Fritz Leiber
Hexenvolk
Originaltitel: Conjure Wife
Aus dem Amerikanischen von Joachim Körber
mit einem Nachwort von Christian Endres
Horror, Paperback
Edition Phantasia, Bellheim, November 2008
252 Seiten / 15,90 €
ISBN: 9783937897318
In einer kleinen Universitätsstadt in New Hampshire lebt der Universitätsdozent Norman Saylor mit seiner Frau Tansy ein beschauliches Leben. Neben den üblichen studentischen Problemen und diversen universitätspolitischen Querelen verlaufen die Tage relativ ereignislos.
Bis Norman entdeckt, dass seine Frau ihn durch kleine Talismänner, Sprüche und sogar Zauberutensilien insgeheim beschützt und fördert.
Ihn als Volkskundler, der sich mit jeglicher Art von Folklore auskennt, schockiert dies derart, dass er Tansy bittet, von nun an jegliche Art der Zauberei zu beenden und auch ihre dafür angeführten Gründe wie Sicherheit und Schutz nicht weiter zu verfolgen.
Als sie ihm schließlich gehorcht und seinem Wunsch entsprechend alle Gegenstände und Formeln verschwinden lässt, geschehen plötzlich Dinge, die in ein berufliches und privates Unheil für Tansy und Norman münden und bald darauf wird klar, dass seine nicht die einzige Ehefrau ist, welche im Hintergrund die Fäden zieht. Mit dem Unterschied, dass ihre Mittel dazu recht harmlos waren …
Fritz Leiber gilt vor modernen Autoren des Phantastischen wie Stephen King, Ramsey Campbell und Clive Barker als der Vorreiter des unheimlichen Romans.
»Hexenvolk« beweist dies auch äußerst eindringlich, denn Leiber vermag es vorzüglich, den Einbruch des Phantastischen in die gewohnte Welt nachvollziehbar und dennoch sehr schockierend darzustellen.
Das beschauliche Leben des rational und aufklärerisch geprägten Norman Saylor gerät nämlich gerade durch die Umstände ins Wanken, welche ihn als empirischen Volkskundler im Grunde nicht schockieren dürften.
Als er jedoch entdeckt, dass seine Frau eben jene folkloristischen Wege anwendet, um ihrer beider Leben vor den hexerischen Einflüssen der anderen Ehefrauen der hohen Universitätspersönlichkeiten zu schützen, bricht ihm der Boden unter den Füßen weg.
Zunächst eher humoristisch beeindruckt durch kleine Gesten wie Zettelchen in Amuletten und derart, merkt er alsbald durch immer mehr Zweifel seinerseits an der Harmlosigkeit der ausgeführten Vorgänge, dass sein streng rationales Weltbild sich nicht halten kann – und mit ihm merkt das der Leser.

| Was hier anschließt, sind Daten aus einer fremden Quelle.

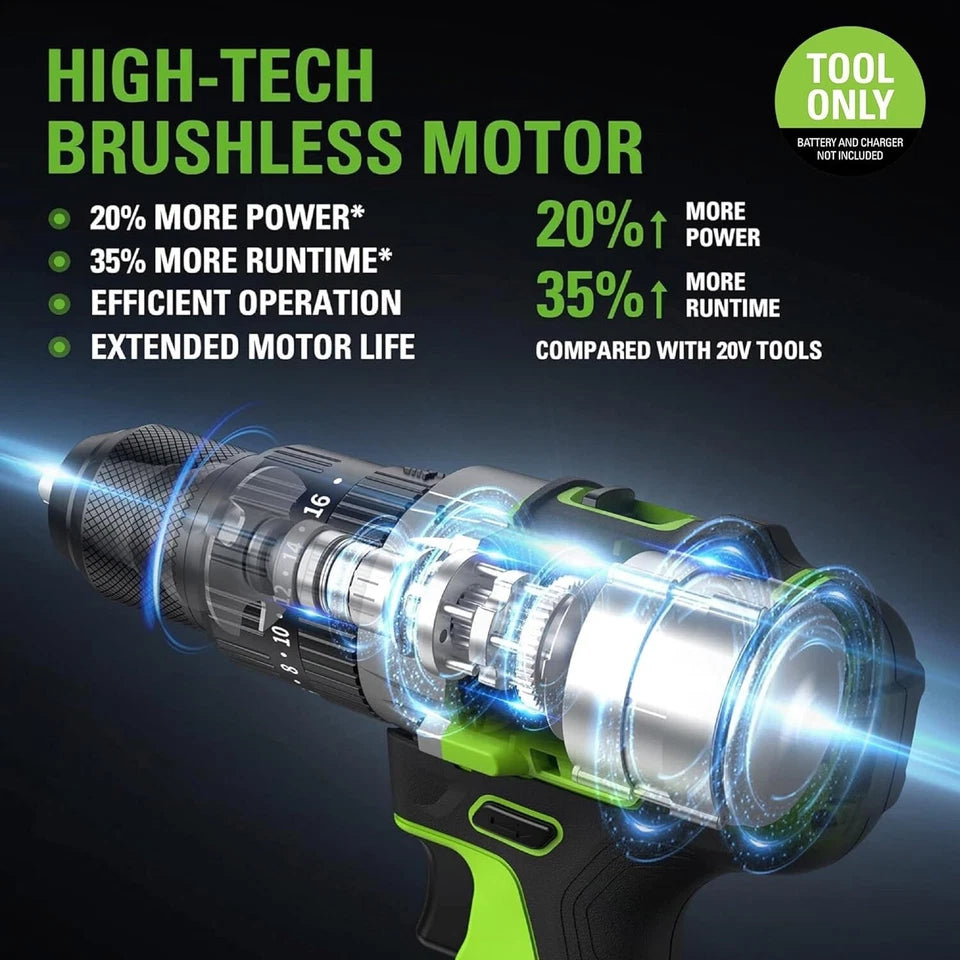 Greenworks Dual Volt Hammer Drill | 20-Position Chuck | Variable Speed | Tool Only (No Battery) | #3703102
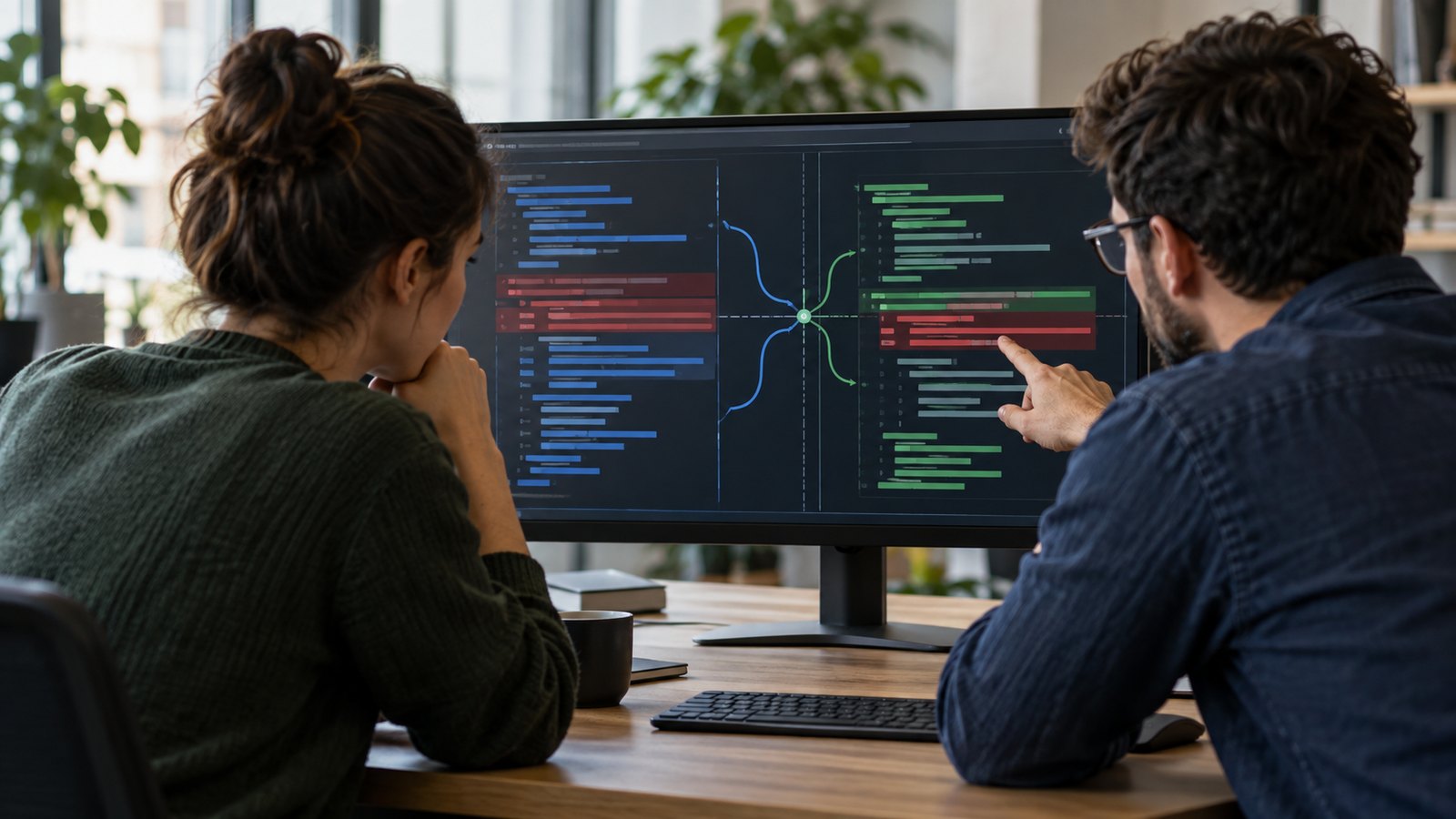 Software developers reviewing two code branches converging on a shared display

Leiber verwendet dabei keinerlei dämonische Kreaturen, keine Besessenheit oder unheimliche Vorgänge sondern lässt die merkwürdigen Vorgänge, welche sich an die Bereinigung des Saylor'schen Haushaltes von dem Hexenwerk anschließen, auf leisen Sohlen herantreten.
Da wird wie zufällig die Katze getötet, der Professor bei der Beförderung übergangen oder der Standort einer steinernen Dachfirstfigur im Universitätsgebäude verändert.
Durch diese kleinen Beobachtungen misstraut alsbald nicht nur Norman Saylor seinen Sinnen sondern auch der Leser, der immer wieder einen großen dämonischen Auftritt erwartet, welcher dann jedoch nicht kommt, bis zum Ende hin all die hinterhältige magische Energie alle Fäden zusammenlaufen lässt und in ein hochgradig spannendes Finale mündet, das auch noch eine kleine Überraschung bereithält.
Unterhaltsam geschrieben und subtil erzählt erreicht uns hier die bereits 1943 erstmals veröffentlichte Geschichte, welche Fritz Leibers Ruf als Meister der subtilen Phantastik begründete, erstmals ungekürzt. Ein modernes Hexenmärchen für Erwachsene, das in seinem zeitlichen und gesellschaftlichen Kontext grandios funktioniert und weder übertrieben phantastisch noch unangebracht realistisch daherkommt.
Fazit:
Fritz Leibers »Hexenvolk« ist eine grandiose Personen- und Charakterstudie, die zeigt, dass man Aberglaube und Hexerei an den ungewöhnlichsten Orten finden kann.
Außergewöhnlich subtil erzählt und dabei sehr spannend erreicht Leiber beim geneigten Leser einen kalten Schauer auf dem Rücken und zeigt auf, dass es bereits in der Zeit, als die phantastische Literatur noch nicht so präsent war wie heute, ein paar Großmeister innerhalb ihrer Grenzen gab, vor denen man auch heute noch den Hut ziehen kann!